Weblog
Oct 8, 04:34 am: [Web 2.0] Day 3, part 2
- Kim Polese, SpikeSource
- company that tests, supports and certifies open source products
- Joe Kraus, JotSpot
- hosted wiki service—do-it-yourself publishing, moving into do-it-yourself apps. Moving from being able to non-technical people writing for the web (that will stay) into non-technical people being able to do apps on the web
- Conversation:
- Kraus: can’t keep stuff in beta, need to actually charge on the stuff. Don’t focus on revenue too late. People want to feel rewarded and, without revenue, choose to feel rewarded by buzz.
- Polese: learned that people already had their own stacks—hard to sell that. And that their companies needed support of existing stacks.
- Kraus: keeping people together, able to see each other helps to create/maintain energy
- Kraus: nothing inspires great people to work at a company more than working with great people
- John Kish, Wyse
- talking about the growth of thin client computing in the 3rd world
- challenge, with infrastructure investment, is to drive down the cost of the desktop. This isn’t just true in the enterprise but in a lot of other markets
- on the thin-client, it is easier to troubleshoot, deploy applications and generally manage the devices.
- security is also an issue; the lost laptop with a variety of sensitive information on it.

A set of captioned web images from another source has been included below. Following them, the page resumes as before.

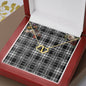 To My Beautiful Soulmate Necklace In Your Eyes I Have Found My Home Clan MenZies Modern Tartan Forever Love Necklace Tartan Gift for Girlfriend Everlasting Love Necklace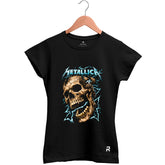 Camiseta Baby Look Feminina Raio Metallica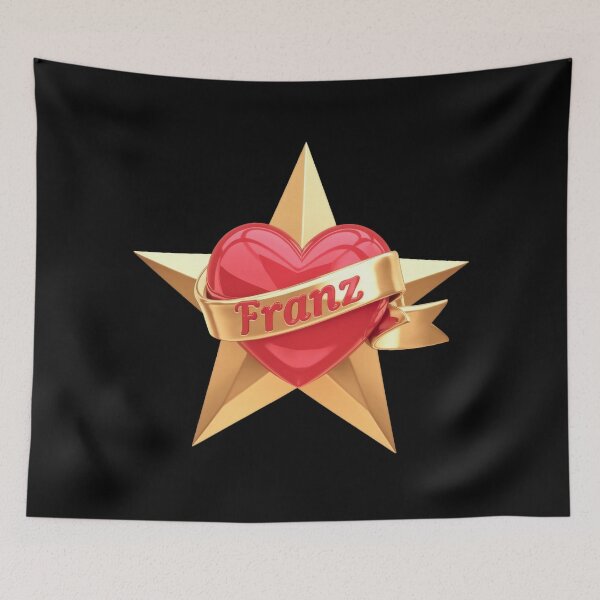 Item preview, Red Heart with Franz Banner on Gold Star designed and sold by wolfgangrainer.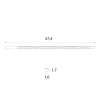Magnetyczna lampa sufitowa Zigbee M0061Z LED 23,2W 2700-5500K biała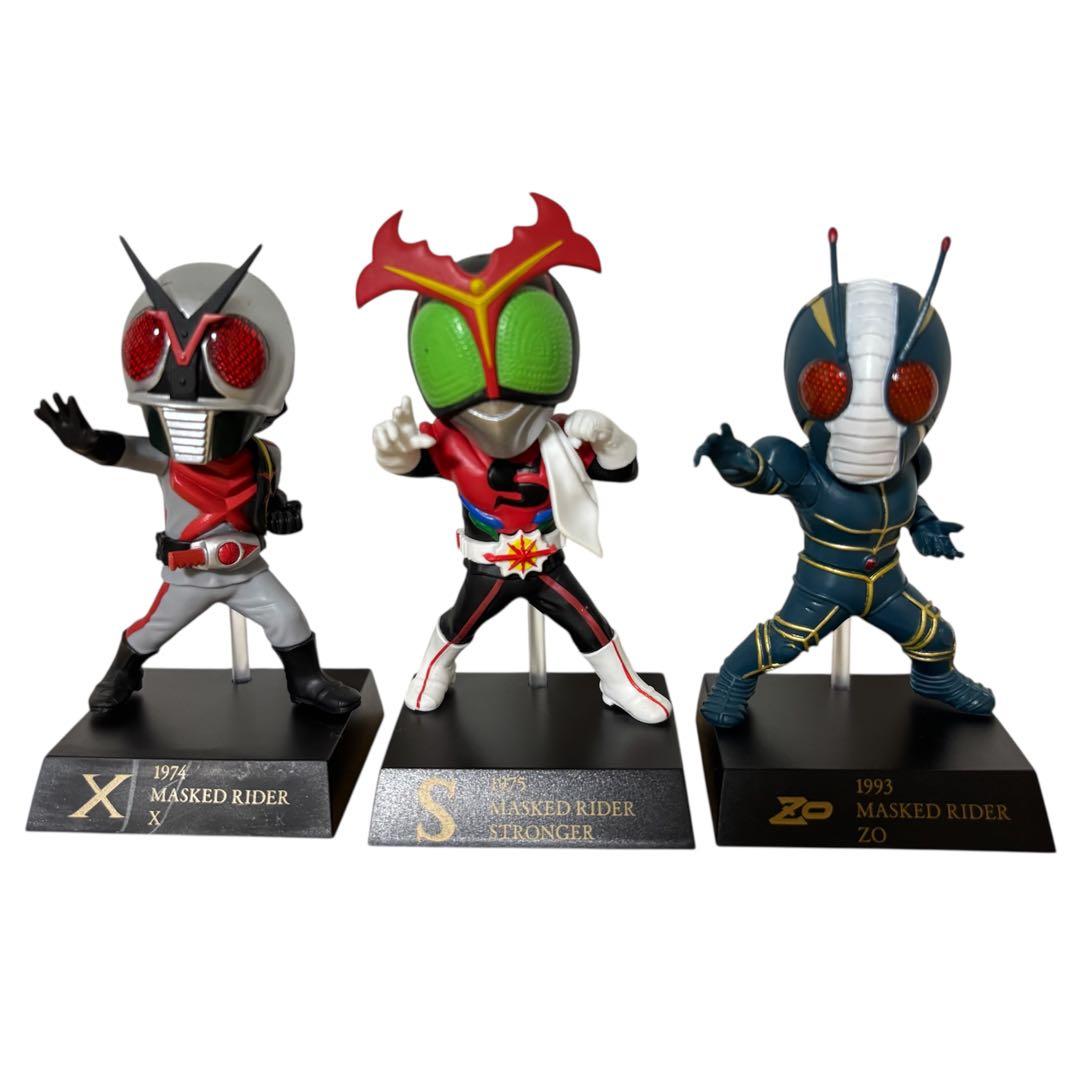 仮面ライダー　50thデフォルメクスフィギュア◎X ストロンガー　ZO等　計5体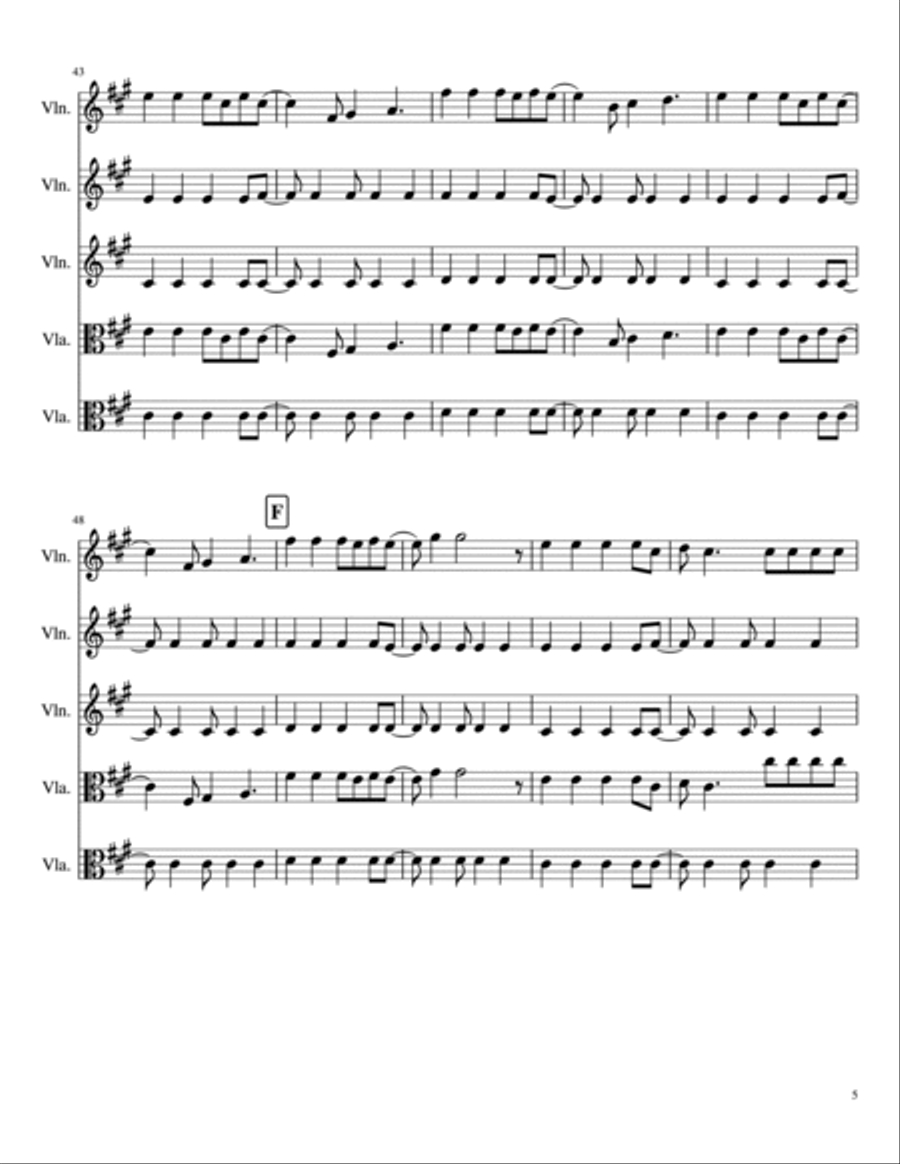 Viva La Vida String Trio scores gallery preview page 5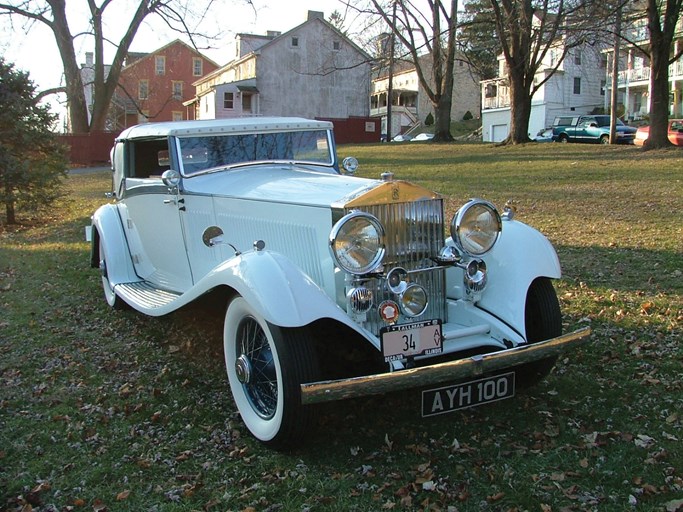 1934 Rolls-Royce PII Continental Drophead Sedanca Coupe by J. Gurney Nutting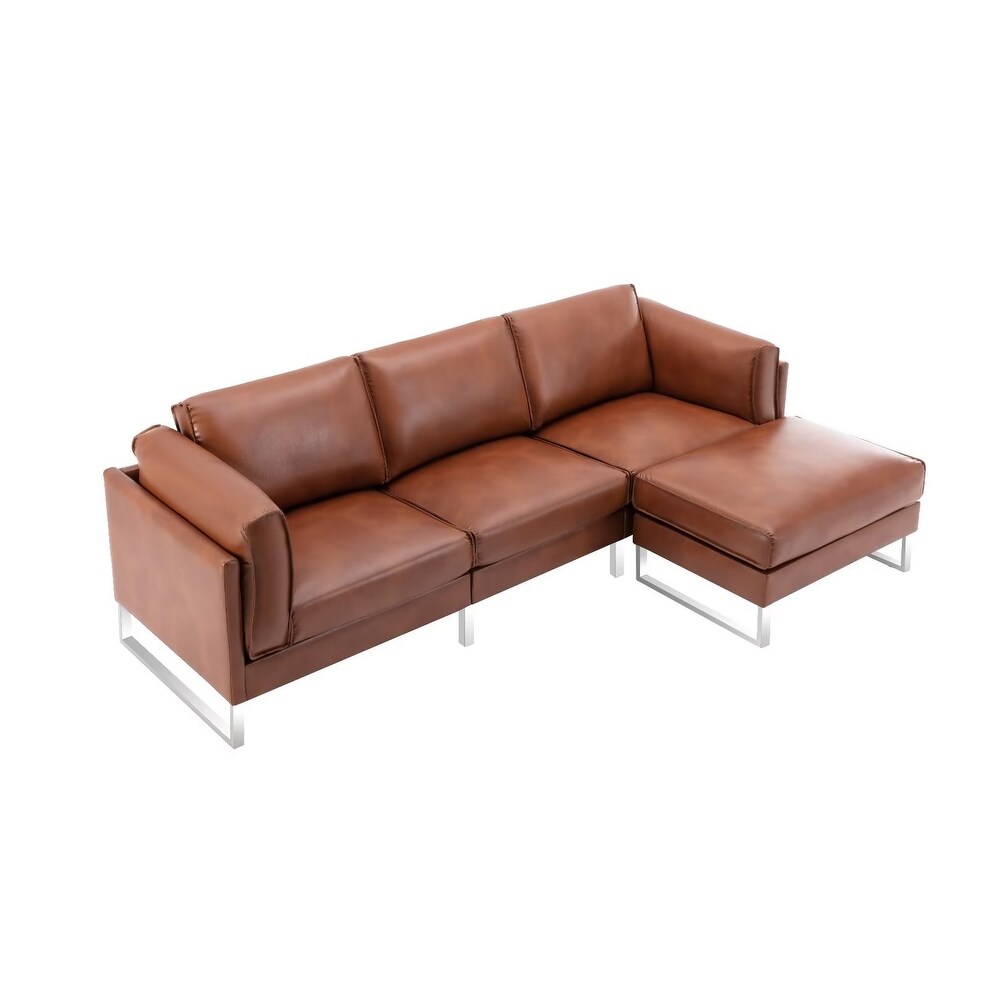 Morden Fort L Shaped Comfortable Contemporary Upholstered Sectional for Living Room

Centralizing the data and providing access to it via hard drive-less computers can help prevent this problem (actual legislation making this illegal in Japan; HIPAA here is related)
- (from slide) Bridging the Digital Divide with Thin Computing: – the first Rural Business Center (RBC) solution; – Technology, service and financial solutions that reduce inefficiencies and high cost of paper-based systems in rural India and world wide; – a low cost infrastructure; – easy to manage; secure, robust and reliable; – a blueprint with the intent to deploy across India and world wide.
- problems in rural India: dusty, minimum of local technical resources
- once access has been solved, what services need to be provided?
- access to banks that do microfinance loans, educational institutions to provide literacy training online
- essentially setting up ecosystems to support the local economy
- Wyse’s press release on this
- (it really is the kinds of services that are deployed over the Internet that makes this possible)
- Satish Dharmaraj, Zimbra
- open source client/server application for messaging and collaboration
- demo’d ajax interface
- it’s all about the browser
- very slick demo
- web services enabled platform so that you can write different clients
- Jim Lazone, Ask
- 1.3 million feeds have at least 1 subscriber
- 14,000 with 50 subscribers or more
- Sergey Brin
- interesting—he took a underdog stance in comparison with Terry Semel and his quoted remarks from yesterday
- search market share: delighted that so many people can use Google’s product; people come to Google because of the search experience, most important that’s why they stay
- Prosumer media with Mena Trott, SixApart, Mark Fletcher, Bloglines, Rich Skrenta, Topix
- idea of prosumer media is creating a business that gets built by other people—the users create the value
- asked them all the Google competition question. Not sure how valuable that is.